Hintergrund zur Einführung des PpSG bildet dabei der Koalitionsvertrag 2018 der 19. Legislaturperiode zwischen CDU, CSU und SPD vom 12. März 2018. Der Koalitionsvertrag regelt die Umsetzung eines Sofortprogramms Pflege und darüber hinaus eine „Konzertierte Aktion Pflege” zur bedarfsgerechten Weiterentwicklung der Pflegesituation. Dafür sollen die Arbeitsbedingungen und die Bezahlung in der Alten- und Krankenpflege sofort aber auch nachhaltig spürbar verbessert werden. Die Inhalte des Koalitionsvertrages wurden sodann um das Eckpunkte­papier „Sofortprogramm Kranken- und Altenpflege” ergänzt und in das PpSG überführt.

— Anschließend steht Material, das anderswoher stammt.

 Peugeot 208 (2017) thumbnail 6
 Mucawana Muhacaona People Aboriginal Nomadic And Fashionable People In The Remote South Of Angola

Das PpSG soll zu Entlastungen von Pflegekräften durch eine bessere Personalausstattung und bessere Arbeits­bedingungen führen. Hierfür umfasst das PpSG zahlreiche Regelungen zur Umsetzung dieses Ziels. Eine Maßnahme stellt dabei die Umstellung der Pflegepersonalkostenvergütung dar. Kosten für Pflegepersonal sollen künftig unabhängig von Fallpauschalen vergütet werden. Dabei werden die Pflegepersonalkosten unter Berücksichtigung des krankenhausindividuellen Pflegepersonalbedarfs über ein neu einzuführendes Pflegebudget finanziert, das ab dem Jahr 2020 verhandelt wird.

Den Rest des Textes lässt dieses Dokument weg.